The Border Mosque praying at Friendship Park, San Diego, California.
The Border Mosque praying at Friendship Park, San Diego, California. | Manuel Ocano

Since November 2011 a faithful group of Christians have gathered for a weekly celebration of communion at Friendship Park, celebrating the sacrament and sharing bread and cup on both sides of the border wall. By the moving of the Spirit, and through the work of a remarkable team of leaders on the Mexican side of the border wall, this practice has given birth to an ongoing community of faith that calls itself The Border Church / La Iglesia Fronteriza. It is the only community in San Diego where each week people standing in two nations share the Christian sacrament of communion together.

For years, people have gathered at Friendship Park in San Diego. A place where borders, and friends, coincide. At the center of Friendship Park stands a historic stone monument, the first in a long line of markers that were first put in place in the 1850s, in the aftermath of the US-Mexico War, to demarcate the new international boundary. Even as the U.S. federal government has erected more and more barriers – first barbed wire, then a fence, then a wall, then a double wall – across the face of the historic meeting place, folks gather every week to join in prayer and meeting with loved ones. 

Today, San Diego Border Patrol officials allow limited numbers of the public to access the primary border wall in the United States. The American public is only allowed to visit the border wall on weekends, from 10 am to 2 pm on Saturdays and Sundays, year-round. A festival-like atmosphere prevails on the Mexican side of the border during “visiting hours,” despite the physical barriers and harmful rhetoric directly affecting their communities. Public access is not restricted on the Mexican side of the border, but people look forward to the few hours allotted to interacting with family and friends through the border wall. Through ordinary acts of love, kindness and prayer, people have sustained families, forged friendships and practiced their faith across the US-Mexico border.

Since the early 2000s, U.S. politicians and government officials have entertained the fantastical notion that the United States should somehow be entirely "walled off" from Mexico. The rise in hateful rhetoric can be attributed to changes in American society and anti-Mexican xenophobia that has moved to the forefront of American public life.
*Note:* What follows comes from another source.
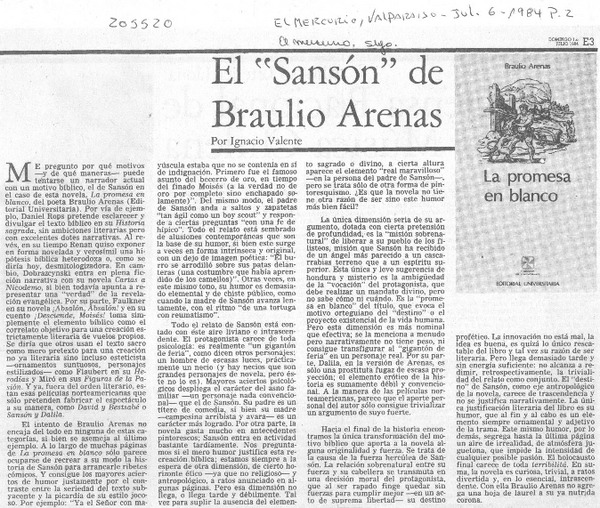 El "Sansón" de Braulio Arenas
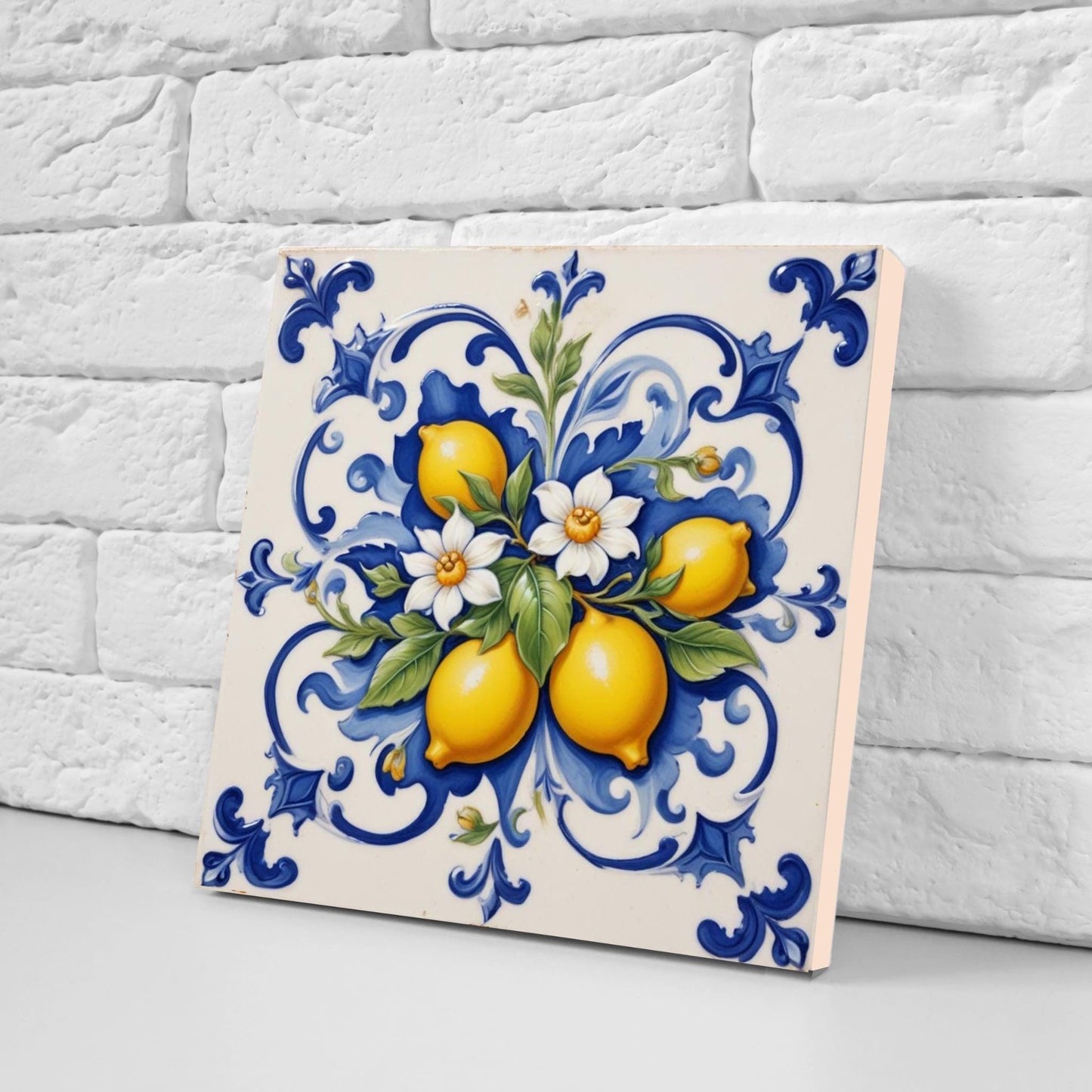Italian Majolica Lemon Tiles - Set of 2 Italian Wall Decor Tiles - Kitchen Backsplash Tiles, Table Decorative Tiles, Bathroom Tiles, Coaster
Even as fear has shaped U.S. border policy, and informed so much of the public discourse about the border, people who live along the border have continued to build bridges of peace and understanding, despite perceived dividing lines of race, class, language, culture, nationality and religion.

Starting this past April of 2019, a faithful group of Muslims also began to gather regularly at Friendship Park. Calling themselves The Border Mosque, these faithful people perform the Islamic call to prayer, and the mid afternoon salah (prayer) on the Mexican side of the wall before the start of the Border Church celebration. Christians and Muslims are praying together, respectfully observing each other's religious rituals,building extraordinary friendships over a shared meal. 

This sharing of public space that sits at the heart of controversy, the US-Mexico border wall, has now been captured spectacularly in a new film, A PRAYER BEYOND BORDERS, released to the public this month and available for viewing online at: https://www.youtube.com/watch?v=rJxUGAaK80Y

Inspired by the new film, we have chosen to declare October 27, A Binational Day of Prayer. A day of reflection, celebration, and prayer for forgiveness for the divisions that plague our world and pray for a renewed spirit of friendship and harmony among all people.

Prayer, friendship, family, faith – these things invite us all to create a world beyond borders.

Imam Taha Hassane is currently the Director of the Islamic Center of San Diego and leads Islamic prayers through the Border Mosque at the US-Mexico border in San Diego. Reverend John Fanestil has convened The Border Church since 2011, preaching in both English and Spanish at the border between San Diego and Tijuana.